Obama's energy, environment strategies to be 'mixed bag'

As Barack H. Obama was sworn in Jan. 20 as the 44th US president, his administration announced an energy and environment program with provisions directly affecting the oil and gas industry in several areas.

Nick Snow
Washington Editor

WASHINGTON, DC, Jan. 20 -- As Barack H. Obama was sworn in Jan. 20 as the 44th US president, his administration announced an energy and environment program with provisions directly affecting the oil and gas industry in several areas.

The strategy aims to save more oil than the US imports from Venezuela and the Middle East combined within 10 years by promoting "the responsible domestic production" of oil and gas, according to information posted on the White House web site. It also embraces a "use it or lose it" approach to existing leases.

Proposals to reduce US oil imports also include enacting higher fuel economy standards, putting 1 million plug-in hybrid cars on the road by 2015, creating a $7,000 tax credit for purchasing advanced fuel vehicles and establishing a national low-carbon fuel standard.

Under what is called the Obama-Biden Comprehensive New Energy for America plan, the White House also includes prioritized construction of a natural gas pipeline from Alaska as part of a program to create 5 million "green" jobs by investing $150 billion over the next 10 years.

The jobs creation portion also proposes clean coal technology development and deployment; greater energy efficiency, including weatherization of 1 million homes annually, and ensuring that 10% of the nation's electricity come from renewable sources by 2012 and 25% by 2025.
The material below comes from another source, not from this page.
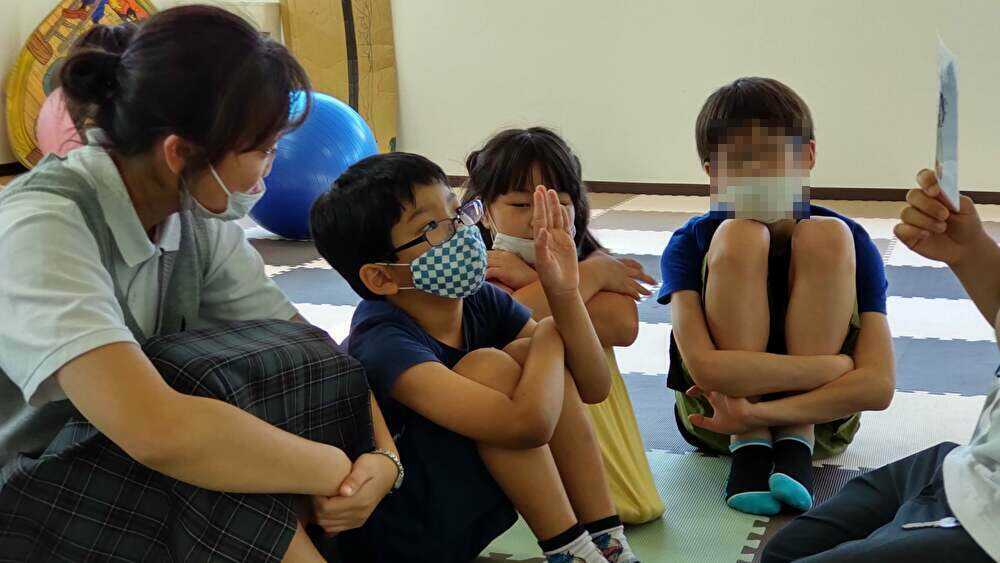 SST（ソーシャルスキルトレーニング）で対人関係について学ぶ子どもたち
In an effort to provide short-term relief to consumers, the plan calls for swapping oil from the Strategic Petroleum Reserve to cut prices and cracking down on excessive energy speculation. Democrats in Congress proposed both actions as oil prices approached $150/bbl and retail gasoline prices broke the $4/gal barrier early last summer.

Obama's inaugural address included references to excessive financial speculation, which several federal lawmakers believe played a greater part in 2008's record-high oil prices than supply and demand. "This crisis has reminded us that without a watchful eye, the market can spin out of control," the president said.

Finally, the incoming administration's energy and environmental strategy calls for implementation of an economy-wide cap-and-trade program to reduce greenhouse gas emissions by 80% by 2050. It also pledges to make the US a global leader in addressing climate change.